Thursday we met with the doctor. We told him how Chris throws up alot after the chemo so he is reducing the amount of cisplatin that Chris is given. Dr. also gave Chris a lecture about taking the Lovenox. Because Chris has had blood clots he is at 50 percent higher rate of getting them again. He reminded Chris of how being in the hospital in Florida would not be fun. He told him that if he didn't do it any other time that he should definitely do it just before we leave for our trip. He also added another anti nausea drug called Edeme (spelling ?). They put some in his IV and then the rest he takes orally for two days after that he takes another drug called Dexamethason for 3 more days. We don't know how much this drug will cost us. The first time they give it to you free with a coupon from manufacture. Lady next to us said that she pays $80.00 for it! Yikes!! Whatever it takes if it works. I told the doctor how he throws up so much that his back hurts so much that he can't walk. We also have children who have a very hard time listening to him throw up. One of them counts how many times he throws up. So far as of today he hasn't thrown up but been veerrrryyy tired. Also the hand that they put the IV in swelled to double the size. Not sure why that happened. He has been in a lot of pain. Been irritable with all of us because he is in pain (we all know how that goes - when we hurt we take it out on others). I've been trying to explain that to children. It's hard to watch him suffer. Can't stand chemo part of this.
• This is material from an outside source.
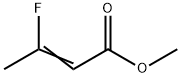 3-氟-2-丁烯酸甲酯分子式结构图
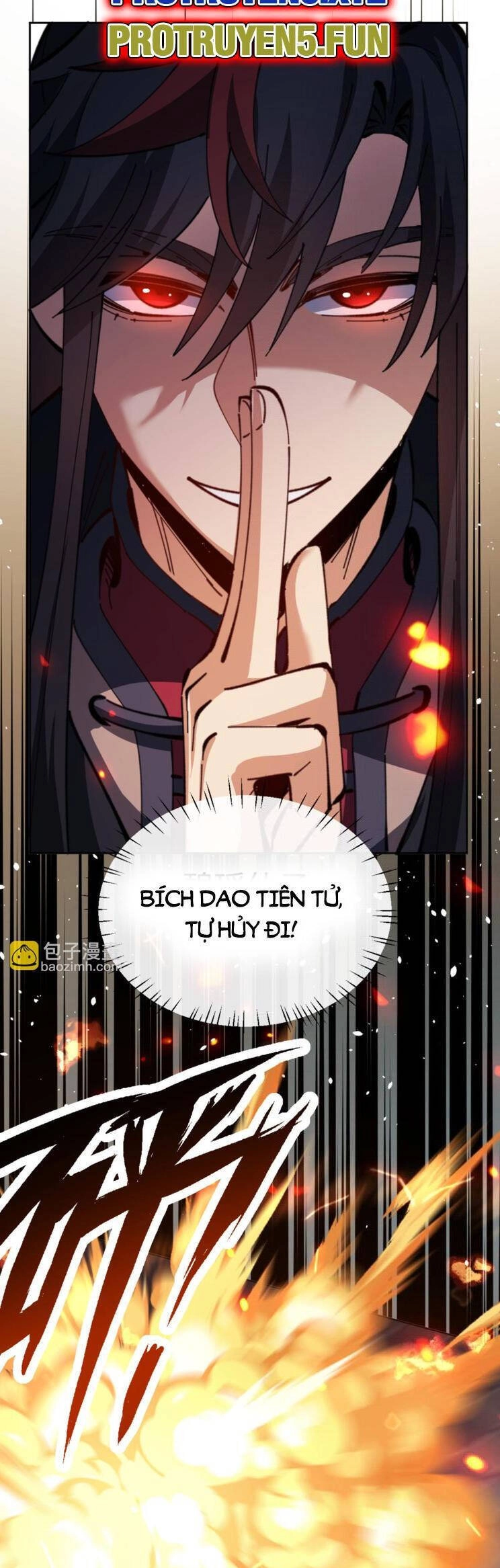 Sư Tôn: Nghịch Đồ Này Mới Không Phải Là Thánh Tử Chapter 41 - 10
Today is Rye's 15th bday!! Wow time flies. If I wanted to Rye could go and get his learners permit today to DRIVE!!! Ahhhhh!!! Sorry, I don't think I'm ready for that. Jacob and Tay love school. Tay is very excited about being on the safety patrol committee at school. He came home upset Friday because his turn comes when we are on vacation but I spoke with the teacher and he'll be ok. I told him he could stay home:) Poor Jacob missed fun Friday activity at school because I missed a paper in his back pack. Thursdays are really hard on me. We usually don't get home until 7pm, then we eat, talk, get ready for bed, read scriptures etc. It's crazy that sitting for 6 hours makes someone tired. It broke my heart to see him cry. I don't think that I will forget again. To hard to see those tears. Katie will go and see her new school this Thursday and Rye and Meg are enjoying cross country. And I am just trying to keep track of everyone's coming and goings:) Who knew five kids could keep someone so busy. Don't know how people do it that work or have more then five kids.
Hopefully, this week will go well with chemo. Interested to see how much drug will cost us.
This week we have Rye's bday, YM/YW, orthodontist appointments for Jacob and Taylor, PTA meeting, Pack Meeting (where Jacob will get his awards for scout camp), Katie goes to her new school, chemotherapy, Back to School Night, cross country, school work, and I'm sure other things that will pop up. Good to be busy - No time to think.